Ma non è solo il Pcb a preoccupare le autorità provinciali: “La vasca della discarica – si legge nel testo dell’ordinanza – è piena di percolato fino al livello prossimo alla superficie” perché la Ve-part non lo sta smaltendo, nonostante le diffide e le segnalazioni all’autorità giudiziaria. Che fino ad ora non sembrano aver avuto seguito. Una gestione, quella dei fratelli Colucci, che “non dà alcuna garanzia riguardo alla tenuta della barriera di confinamento” del percolato, misurato dall’Ufficio rifiuti a meno di mezzo metro dal piazzale sovrastante e dai canali agricoli.
A minacciare l’ambiente è un liquido scuro, distillato di scorie della chimica e della siderurgia interrate in una delle prime discariche di rifiuti tossico-nocivi autorizzate dalla Regione Lombardia nel 1982: fango galvanico (cromo esavalente), fango da acidi (cromico e solforico), da abbattimento fumi, acque di verniciatura e tintoria, morchie oleose, terre di fonderia e di bonifiche, fanghi da impianti di trattamento chimico-fisico. Rifiuti industriali pericolosi che vengono da lontano.
Per tutti gli anni ’80 la discarica è stata la “fossa nera” della società Ecoservizi di Andrea Calubini, consigliere della Compagnia delle Opere lombarda e operatore tra i più esperti nello smaltimento dei rifiuti speciali (tuttora proprietario dell’area tramite la holding Intergreen Spa che nel ’99 ha affidato la discarica cessata alla Ve-part). La sua Ecoservizi fino al 2004 smaltiva da sola un quarto dei rifiuti industriali d’Italia e ora è di proprietà della Systema Ambiente dell’avvocato Manlio Cerroni, il ras della “monnezza” romana arrestato lo scorso 9 gennaio per traffico di rifiuti, che a Brescia ha la sua costellazione di società per i rifiuti pericolosi.

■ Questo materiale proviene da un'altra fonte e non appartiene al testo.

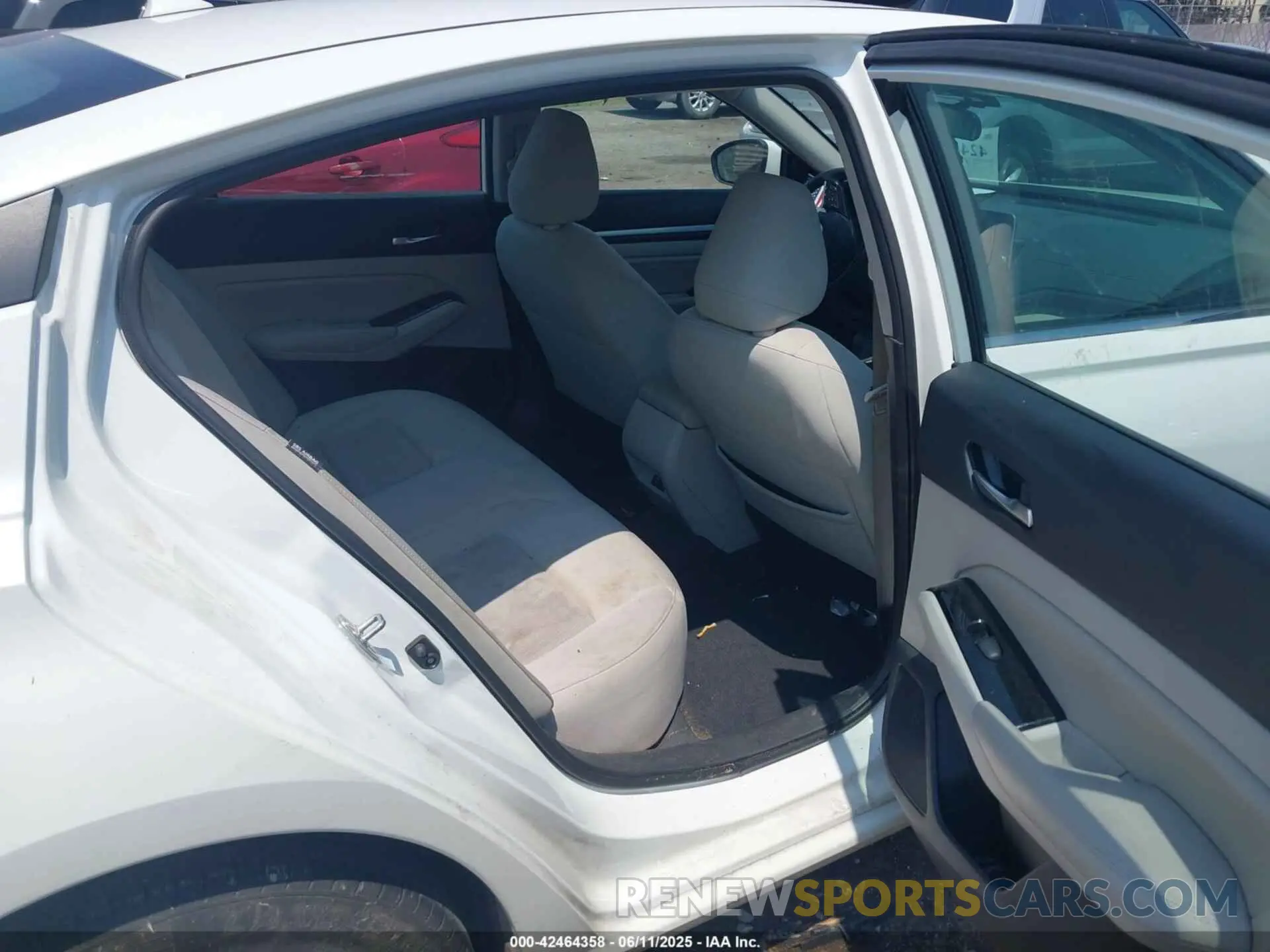 8 Photograph of a damaged car 1N4BL4DV3NN371828 NISSAN ALTIMA 2022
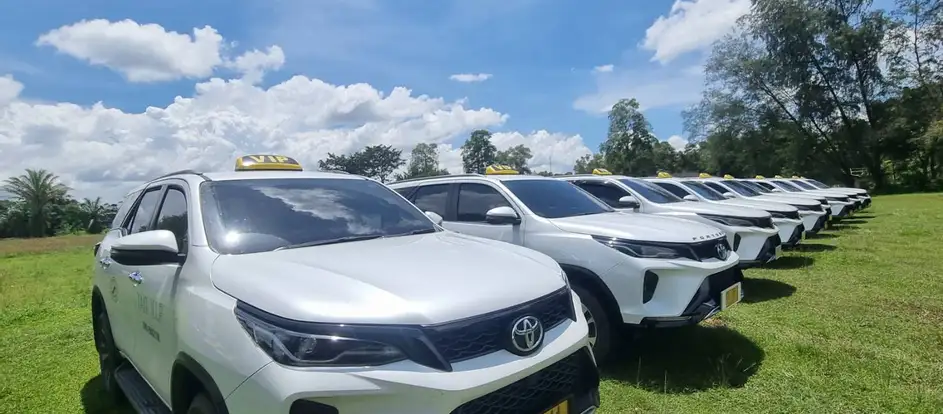 Krabi Limousine passagiers naar hun reisbestemming brengen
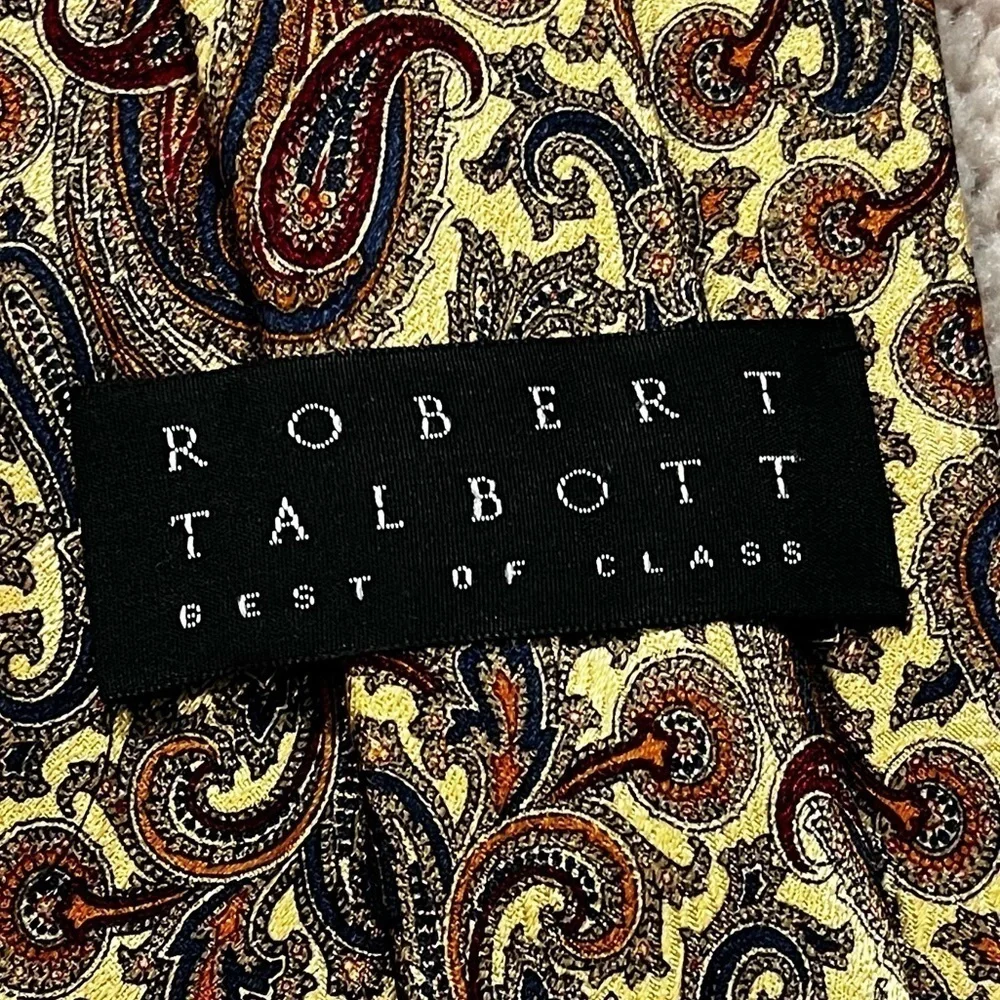 Robert Talbott Best  of Class 100% Silk Neck Tie Yellow Paisley Print Designer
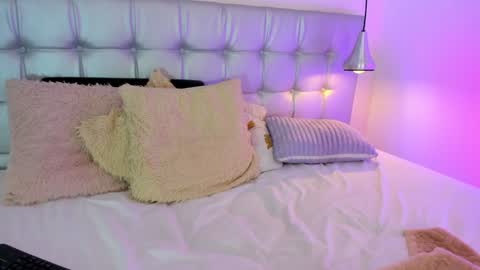 Snapshot of sammybrunette1 chatting on 02.08.25 Axel online show from 02.08.25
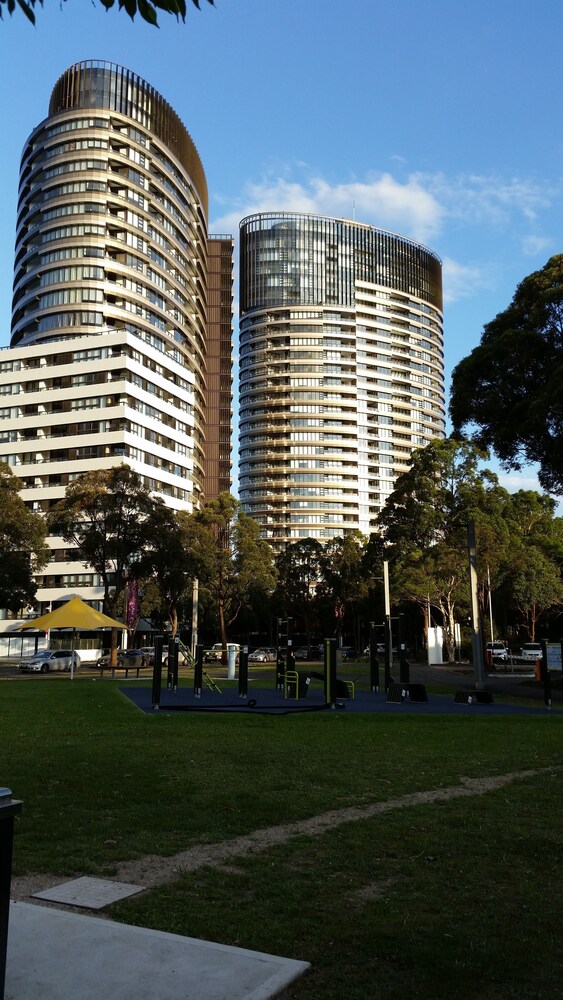 Sydney Olympic Park Apartment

Per capire il peso della Ecoservizi di Calubini – che quella discarica ha riempito – basta ricordare la gara, vinta al ribasso nel 1988 contro colossi come Montedison ed Enichem, per aggiudicarsi lo smaltimento dei rifiuti della Karin B, la “nave dei veleni” intercettata e rispedita indietro da Port Koko in Nigeria con a bordo i rifiuti tossici italiani.
Ora l’essenziale è che qualsiasi sostanza si trovi nella discarica Ve-part non fuoriesca nell’ambiente. Anche perché nessuno sa che cosa sia stato effettivamente conferito in quelle vasche. A partire dal Pcb che – stando alle autorizzazioni regionali – non dovrebbe trovarsi in discarica. Tra i veleni “inattesi” anche il radioattivo Cesio 137, trovato nel percolato nel 2008 e in seguito nemmeno più cercato perché “non presente in falda”, come confermato dalle analisi successive. Oggi la holding di Calubini, la Intergreen Spa, è una dei principali operatori del settore ed è candidata alla bonifica dal Pcb e dai veleni del Sito inquinato nazionale “Brescia-Caffaro”, un affare da almeno un miliardo e mezzo di euro.